Your "opponent" will be a random AI player.
- Define the space of states x.
e.g. Let x = (x1,..,x9) represent the 9 squares.
Each xi takes value:
0 (blank), 1 (me) or 2 (opponent).
Start at x = (0,0,0,0,0,0,0,0,0).
I make first move (one empty square becomes "1").
Then the opponent makes a random move into an empty square (becomes "2").
Then I observe the new state.
And can take a new action, and so on.
Note from my viewpoint the world is probabilistic
(same action a in same x can lead to different y
after opponent moves).
- Define the space of actions a.
e.g. Let a = (a1).
a1 takes value 0 to 8 (meaning put "1" into one of the 9 squares).

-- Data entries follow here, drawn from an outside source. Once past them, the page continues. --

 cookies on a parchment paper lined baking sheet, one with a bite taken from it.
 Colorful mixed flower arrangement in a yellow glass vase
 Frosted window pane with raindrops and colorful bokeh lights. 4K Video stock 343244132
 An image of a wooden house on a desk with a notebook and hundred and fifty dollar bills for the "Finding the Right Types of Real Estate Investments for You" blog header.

When an action is illegal (put "1" into non-empty square)
you could define it as just leaving you in same state x,
ready to take new action.
Problem: Might prefer to stay in same state x forever if alternative is
opponent wins!
So you could punish the action instead (e.g. lose game)

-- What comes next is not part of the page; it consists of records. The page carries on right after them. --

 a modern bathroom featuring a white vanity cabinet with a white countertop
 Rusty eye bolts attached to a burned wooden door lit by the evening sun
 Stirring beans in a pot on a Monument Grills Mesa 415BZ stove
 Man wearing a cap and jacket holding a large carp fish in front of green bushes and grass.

to make it definitely learn not to take it.
In different states x, different actions a are illegal.
Perhaps too complex to define all these in advance.
We could just learn them all by trial and error.
- Define an array to hold Q(x,a) values.
See
Coding the state-space as a lookup-table.
See
Sample code for lookup-table Q-learning.
39 states = 19,683 states
We need 19,683 x 9 boxes for Q(x,a) table = 177,147 boxes.
Run
testEnumeration.
- Define the reward function.
r for getting to one of 3 classes of lines.
3 horizontal lines or 3 vertical lines or 2 diagonals.
Rather than define in advance all possible states y where can get r,
might be easier to just write a function "isGoal(state)"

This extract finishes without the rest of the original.